Bower, Bruce, Science News


Psychologists take opposing views of how external rewards, from warm praise to cold cash, affect motivation and creativity Behaviorists, who study the relation between actions and their consequences, argue that rewards can boost performance at work and school. Cognitive researchers, who study various aspects of mental life, maintain that rewards often undermine creativity by fostering dependence on approval and gifts from others.

The latter view has gained many supporters, especially among educators. But the careful use of small monetary rewards sparks creativity in grade-school children, suggesting that properly presented inducements indeed aid inventiveness, according to a study in the June Journal of Personality and Social Psychology.

"If kids know they're working for a reward and can focus on a relatively challenging task, they show the most creativity," asserts Robert Eisenberger of the University of Delaware in Newark. "But it's easy to kill creativity by giving rewards for poor performance or creating too much anticipation for rewards."

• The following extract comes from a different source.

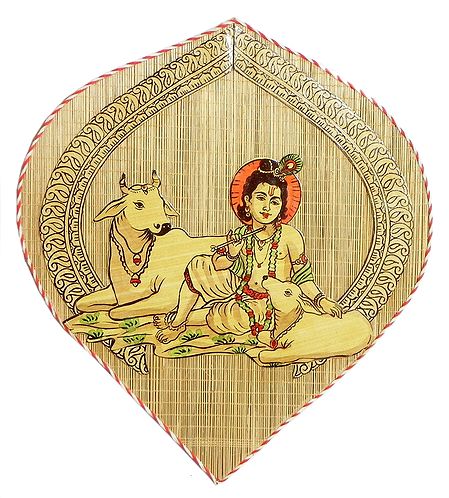 Cowherd Krishna with Cows - Wall Hanging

A teacher who continually draws attention to rewards or who hands out high grades for mediocre achievement ends up with uninspired students, Eisenberger holds. As an example of the latter point, he notes growing efforts at major universities to tighten grading standards and reinstate failing grades.

In earlier grades, the use of so-called token economies, in which students tackle challenging problems and receive performance-based points toward valued rewards, shows promise in boosting effort and creativity the Delaware psychologist contends.

Eisenberger and Michael Selbst, a graduate student at Temple University in Philadelphia, studied 504 fifth and sixth graders attending public schools in Wilmington, Del. The researchers looked at divergent thinking, a component of creativity that involves generating various answers to a problem that has many alternative solutions.

Children studied five target words, such as "instrument" and "refrigerator," one at a time. Some were asked to construct six new words from letters in each target word; others were asked to come up with one new word from each target word.

For each correct answer, youngsters in the two groups received the affirmation "That's correct" and in some cases either a penny or a dime.